Voici un des “nouveaux” Défis Fantastiques (ou Fighting Fantasy en VO) écrits par des auteurs ayant une certaine réputation, ici Rhianna Pratchett. Cette dernière a scénarisé de nombreux jeux vidéo (dont des « Tomb Raider »), quelques comics et, bien sûr, elle est la fille de Terry Pratchett. Un background intéressant pour un livre où le bon et le moins bon voisinent.
Tout d’abord l’intrigue est originale et la région de Titan où elle se situe encore inexplorée, il s’agit de Pangaria, un « continent » composé de six îles flottantes maintenues en l’air par la technomancie des Goblins. Or, au début de l’aventure, l’une de ses îles s’écrase dans l’océan, anéantissant au passage pratiquement tous les membres de la Garde Céleste, une sorte de police chargée de protéger Pangaria. Bien sûr, le joueur / lecteur en réchappe…à lui de mener l’enquête pour découvrir qui est le responsable du désastre.
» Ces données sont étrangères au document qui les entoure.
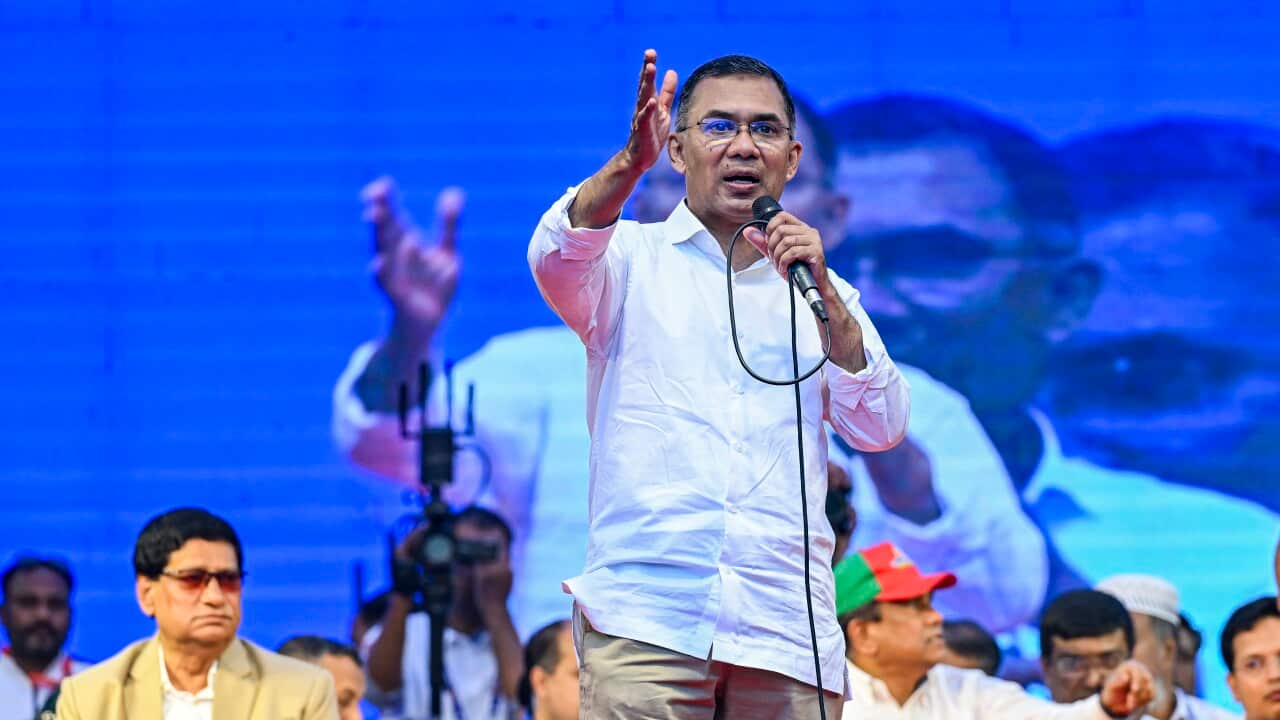 A man holds a microphone as he speaks at a campaign event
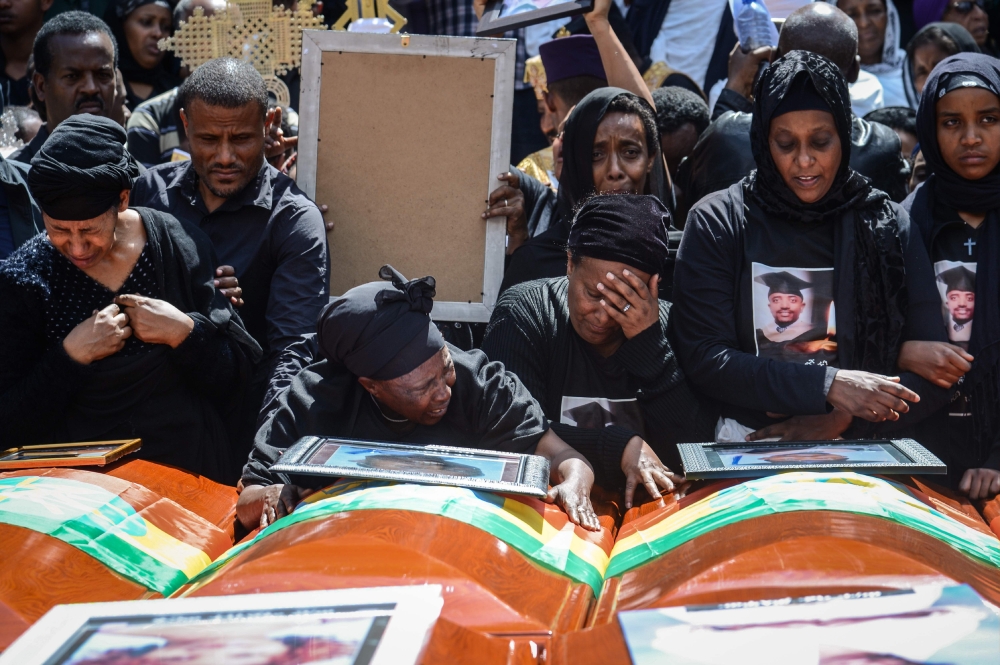 Mourners of victims of the crashed accident of Ethiopian Airlines react beside coffins during the mass funeral at Holy Trinity Cathedral in Addis Ababa, Ethiopia, on March 17, 2019. AFP / Samuel HABTAB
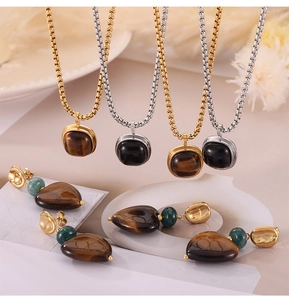 Detail view of vintage tiger eye heart pendants and necklaces on white geometric props
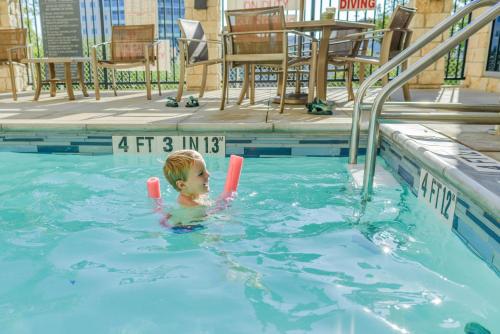 a young boy playing in a swimming pool at Hyatt House Santa Clara in Santa Clara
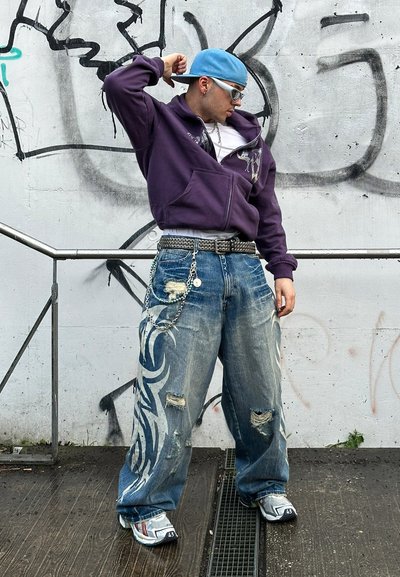 Sudadera con capucha morada, jeans desgastados de color azul con un gran diseño gráfico, cinturón de cadena y zapatillas grises con detalles negros.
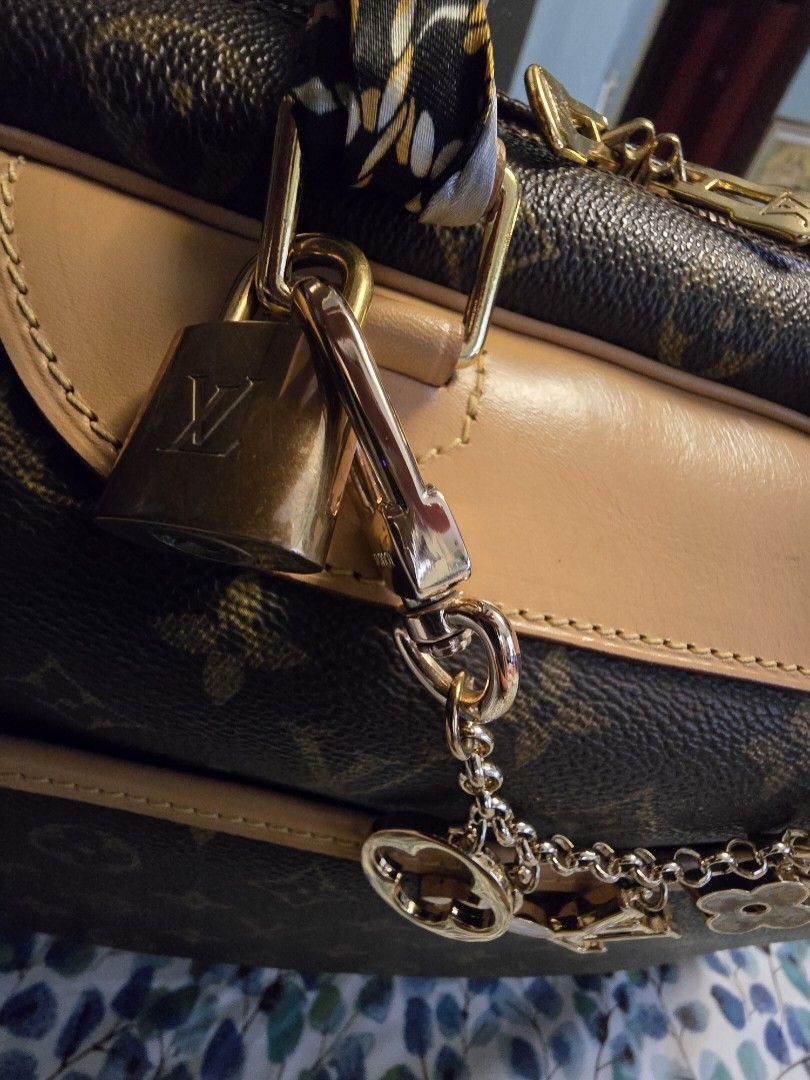 Authentic LV Deauville Monogram with Padlock and Entrupy Cert (CAV) (Category: Luxury Bags & Wallets) located in Manila. Submitted by happyladyprincess (Listing ID 1325773674, Image 2). Description: Authentic LV Deauville Monogram with Padlock and Entrupy Certificate of Authenticity Changed Vachetta, gold hardware are newly electroplated so it looks very fresh This is a very spacious handbag. still very good condition Inclusions: Entrupy Certific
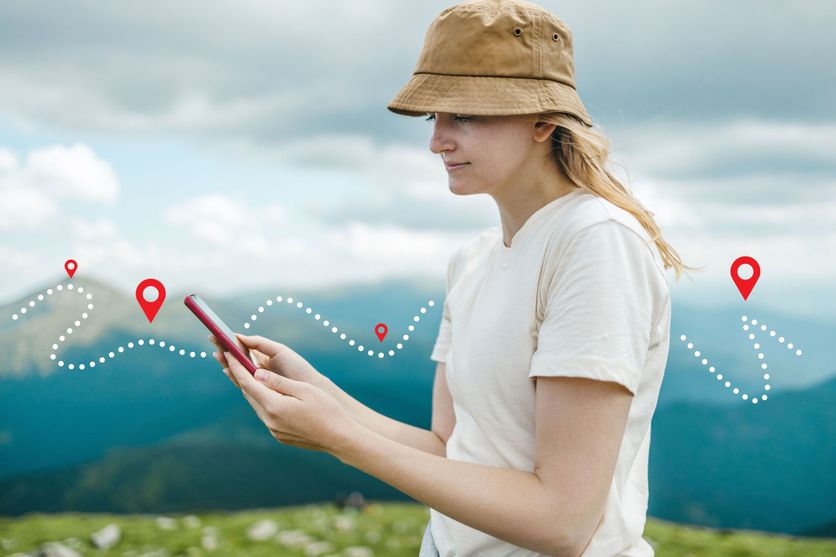 Success tourist woman searching right direction on smartphone on top of mountain with nature background. Mountain progression path. Les applications mobiles transforment la randonnée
CRYSTAL OF STORMS se distingue de nombreux Défis Fantastiques par son univers « ouvert » avec des choix nombreux. Dès le premier paragraphe le joueur décide de son île natale (sur laquelle il aura des avantages) et peu explorer, au choix, une des trois îles principales de Pangaria. Il faudra divers éléments pour « débloquer » les deux dernières. Les mondes proposés sont également originaux, avec une technologie spécifique, des moyens de transports uniques (des sortes d’ULM qui nécessitent des cristaux pour fonctionner) et des créatures inédites (Cloudkin, Canidor, etc.). Le lecteur va tous les visiter, ce qui est intéressant et ne laisse pas de zones inexplorées (mais diminue grandement la rejouabilité).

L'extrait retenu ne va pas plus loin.